[Collected data]
>>>
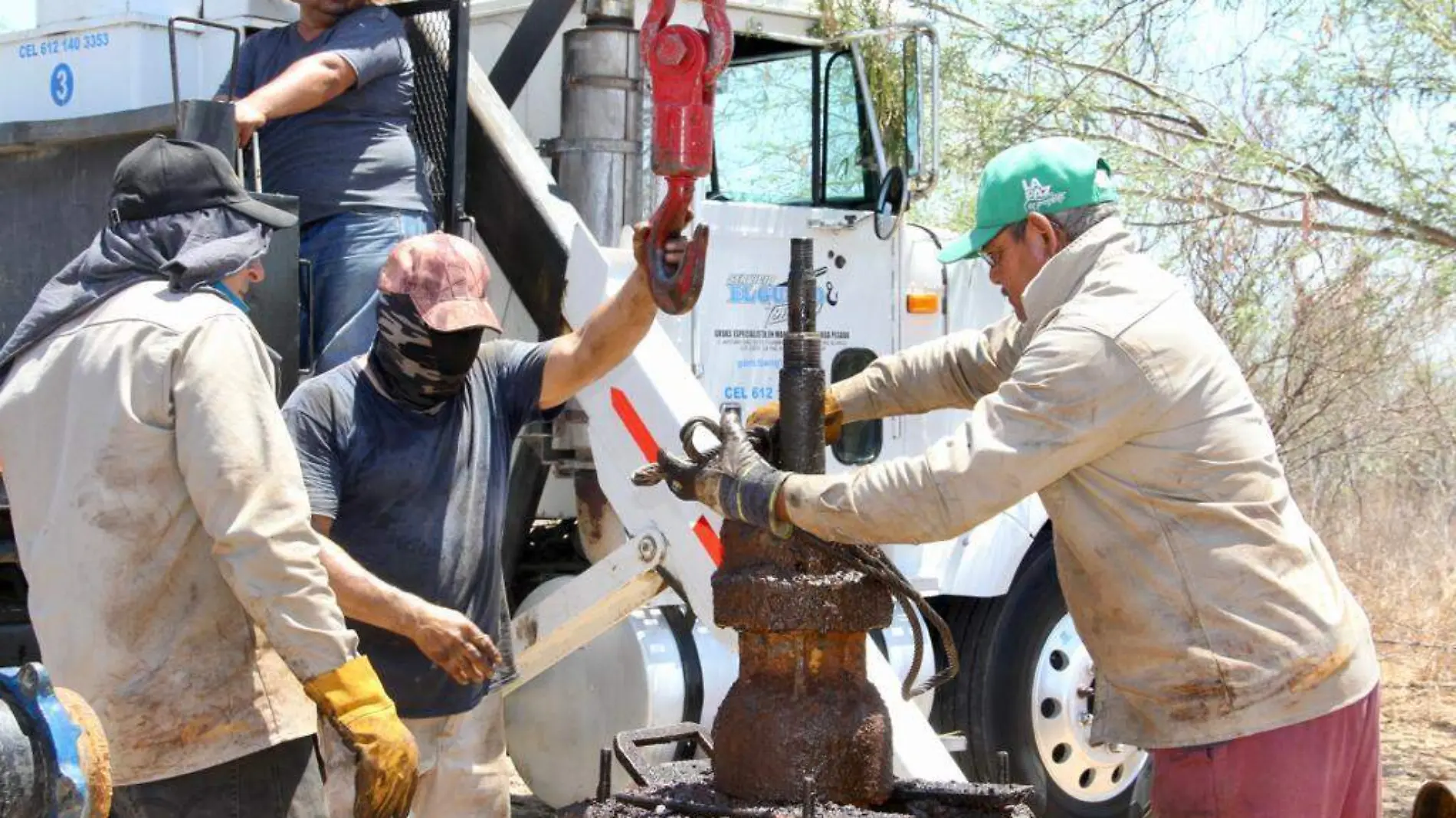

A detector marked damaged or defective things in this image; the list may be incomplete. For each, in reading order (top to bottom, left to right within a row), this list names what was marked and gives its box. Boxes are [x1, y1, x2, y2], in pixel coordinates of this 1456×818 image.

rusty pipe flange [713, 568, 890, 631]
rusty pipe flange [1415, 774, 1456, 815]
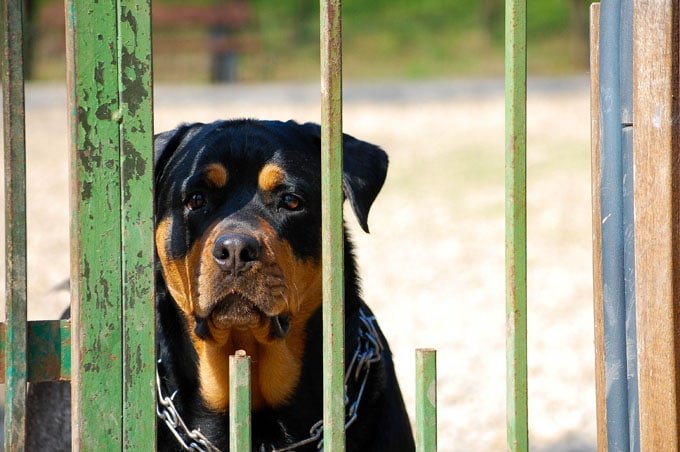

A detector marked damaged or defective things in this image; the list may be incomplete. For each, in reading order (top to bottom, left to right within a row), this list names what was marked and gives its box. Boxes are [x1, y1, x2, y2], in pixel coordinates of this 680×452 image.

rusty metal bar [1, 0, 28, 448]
<<<
**Exercise directions:** Exclude every picture and copy the remaining data exactly.

**Written response:**
A detector marked damaged or defective things in this image; the list may be incomplete. For each, in reading order (top to bottom, left to right within a row), this list names what was marked and gives its box. Boxes are [x1, y1, x2, y2], in pixel coordinates of this 1456×818 image.

rusty pipe flange [713, 568, 890, 631]
rusty pipe flange [1415, 774, 1456, 815]

A detector marked damaged or defective things in this image; the list may be incomplete. For each, in reading order (top to bottom, left to right within a row), this list names what was marked and gives its box. Boxes are [x1, y1, x2, y2], in pixel coordinates of this 680×452 image.

rusty metal bar [1, 0, 28, 448]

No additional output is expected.